Start of Block

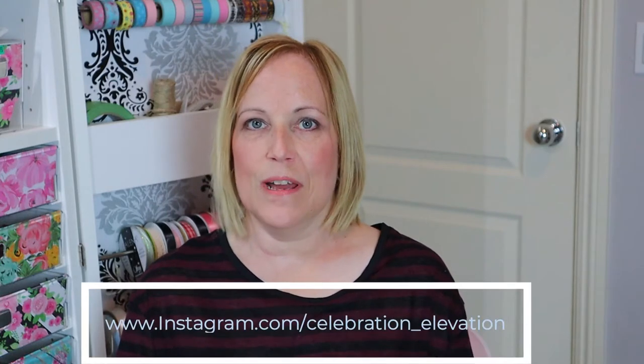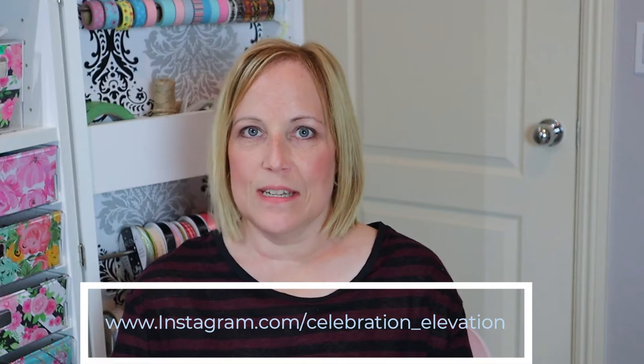I did a little Instagram reel — if you go to my Instagram page it is celebration_underscore_elevation. There was a reel I did yesterday to the song Red Red Wine.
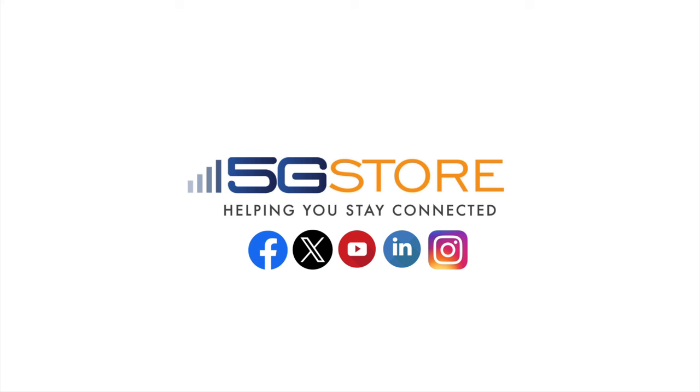If you found this unboxing and overview interesting, don't forget to hit that like button and subscribe for more content. Thanks for watching.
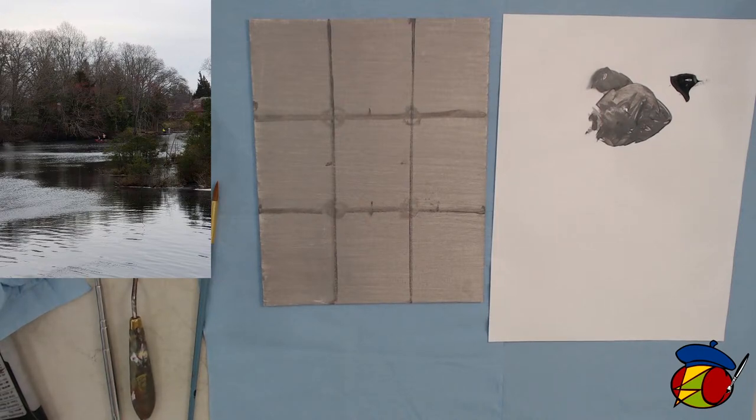Another tip: if you're working on palette paper instead of a stay-wet palette, a good idea to keep your paints moist is to get one of these little mister bottles. You can mist your paints to keep the skin from forming on top of the paint. It's especially helpful when you're traveling with your acrylic paint or working outdoors in plein air.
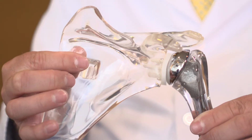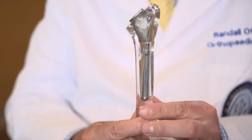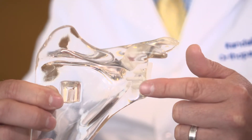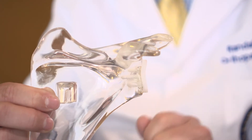This is the anatomic shoulder replacement. The clear plastic is the bone. You remove the cap of bone where the ball is and replace it with a metal ball, and then you smooth out the surface where the socket is and replace it with a plastic piece that fits onto the face of it.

End of Block

## Task brief
Keeping both end lines, retype exactly the lines from the first line of the material through the line that contains "If you found", but not the pictures.

## Answer to this problem
I did a little Instagram reel — if you go to my Instagram page it is celebration_underscore_elevation. There was a reel I did yesterday to the song Red Red Wine.
If you found this unboxing and overview interesting, don't forget to hit that like button and subscribe for more content. Thanks for watching.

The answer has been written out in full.